EXERCISE DETAILS.
All pictures must be left out as you transcribe the lines from the first line of the data to the line containing "tucson arizona aerial", both included.

Segment Start: STORED DATA

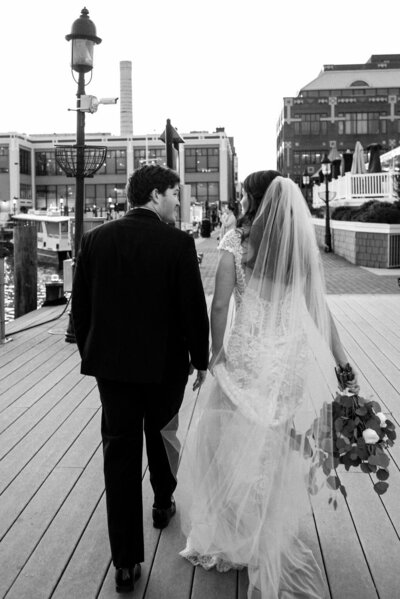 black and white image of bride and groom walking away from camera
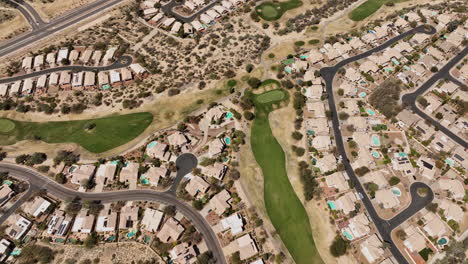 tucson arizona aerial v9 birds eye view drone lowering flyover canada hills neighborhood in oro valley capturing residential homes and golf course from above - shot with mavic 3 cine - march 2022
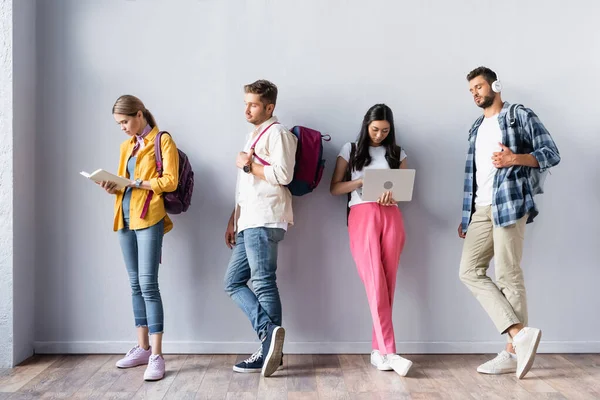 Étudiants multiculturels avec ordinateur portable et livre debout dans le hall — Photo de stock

Segment End: STORED DATA

RESULT.
 black and white image of bride and groom walking away from camera
 tucson arizona aerial v9 birds eye view drone lowering flyover canada hills neighborhood in oro valley capturing residential homes and golf course from above - shot with mavic 3 cine - march 2022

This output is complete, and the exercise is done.